> Critiques > Labellisés



Ces derniers mois, le collectif et label Entre-Soi a su attirer notre attention placide à coups de EP vivaces (Concordski, Vestes, Alexis Lumière) et d’albums ébouriffants (MacThenardier, Pasta Grows On Trees, Médaille), mettant en avant des artistes à la folle singularité, sur laquelle, pour certains (notamment Indus et Gaspard Ricard), il conviendra, si le temps – maître tenace à la laisse si peu souple – nous le permet, de faire un travelling arrière.

Chant en retrait, à l’instar de l’excellent Rémi Parson, Paul Emploi attaque bille en tête le versant pop lo-fi synthétique de la chanson made in France, avec un « K2R » électro cheap porté par une ligne mélodique répétitive durant laquelle il égrène les cauchemars tenaces auxquels par ailleurs il dit au-revoir. Ils reviendront, sans nulle doute attirés par la mélancolie poisseuse qui se dégage de l’ensemble. Le bonhomme enregistre dans sa tanière des titres DIY qu’Entre-Soi a finement compilé, pour nous présenter un portrait de l’artiste en jeune chien moderne. Le ton est désabusé, mais comment ne pas l’être lorsque rien dans l’époque ne s’avère nourrissant ?
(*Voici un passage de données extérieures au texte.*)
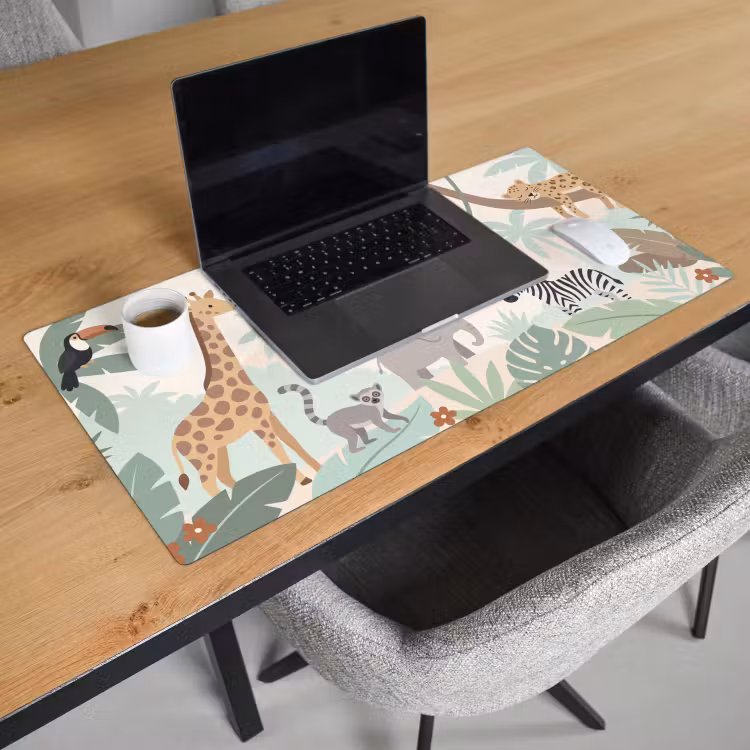 Jungle - Dieren - Groen Muismat XXL klein -sfeer1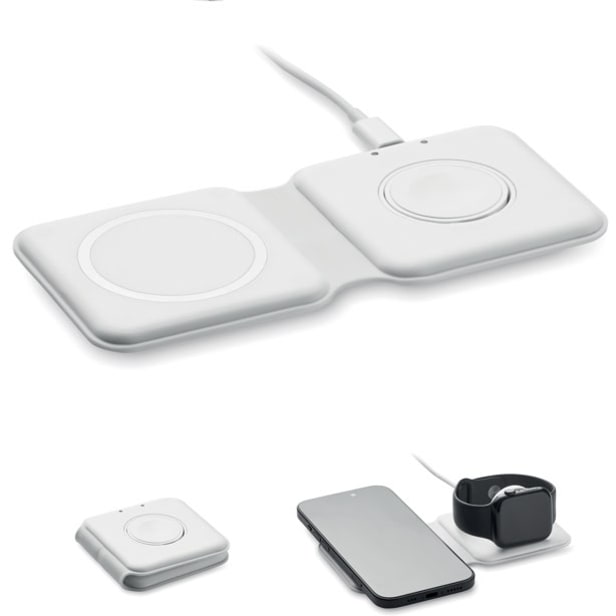 2 i 1 hopfällbar laddare 15W med logotyp, Företagsgåvor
Rythmiques arrachées de leur biome EDM et claviers trafiqués servent de socle à des comptines déviantes, au langage résolument défaitiste et néanmoins sagace. La répétition des mots et des phrases, comme sur « Les plantes poussent chez moi » et « Tu fais cliper mon cœur », forme en sous-main un mantra pop, ascendance new wave étouffée, jamais étouffante. Paul Emploi a mis un couvercle sur ses émotions, tout sera énoncé avec quiétude et détachement. Pourtant, il y a dans la dynamique des compositions un allant indéniable, entre impressionnisme (ces contours à peine esquissés) et pointillisme (la précision des contrepoints rythmiques).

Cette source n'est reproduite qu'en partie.